## Exercise details
Word for word, reproduce the listing that follows, excluding any pictures it contains.

-- Data below follows --

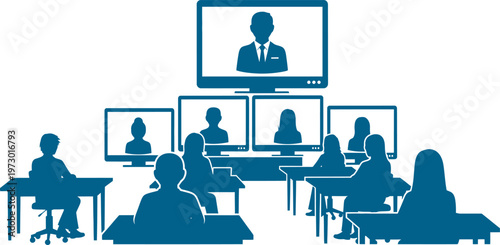 Virtual conference meeting with presenter on large screen and remote participants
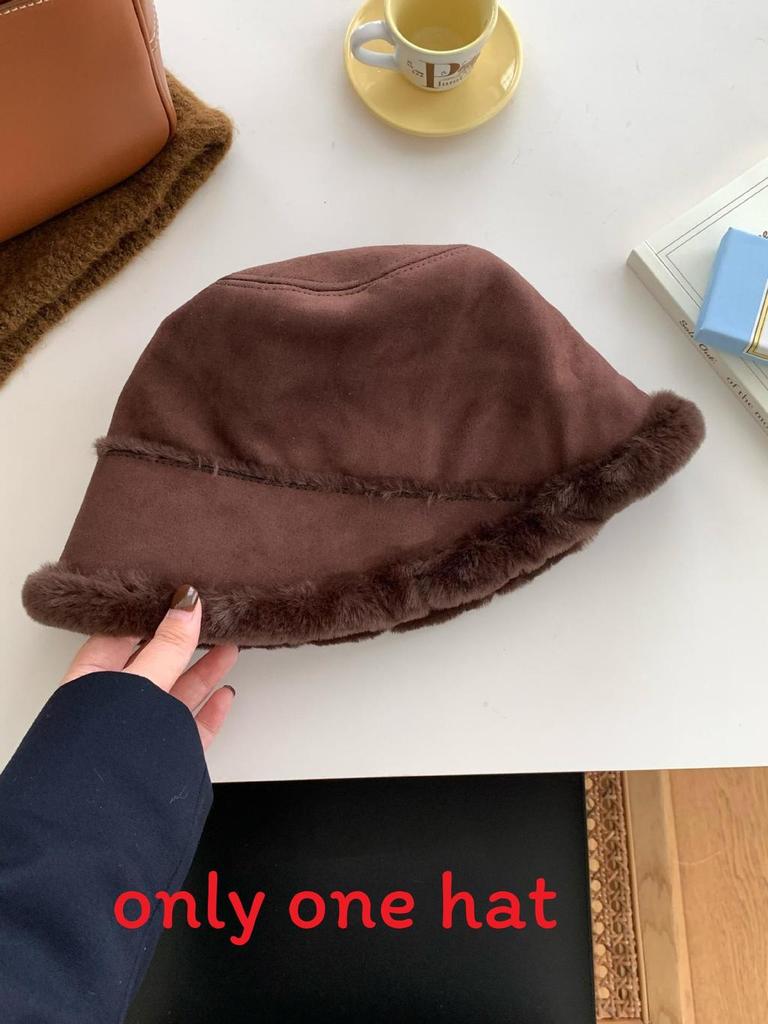 Winter Faux Suede Bucket Hat With Ear Flap For Women Warm Fashion Accessory
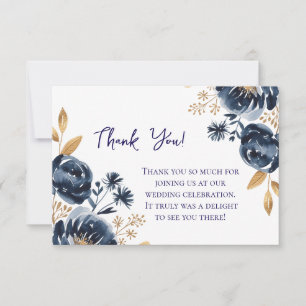 Navyblaue und goldene Pfingstrosen-Hochzeit Dankeskarte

-- Data below concluded --

## Written answer
 Virtual conference meeting with presenter on large screen and remote participants
 Winter Faux Suede Bucket Hat With Ear Flap For Women Warm Fashion Accessory
 Navyblaue und goldene Pfingstrosen-Hochzeit Dankeskarte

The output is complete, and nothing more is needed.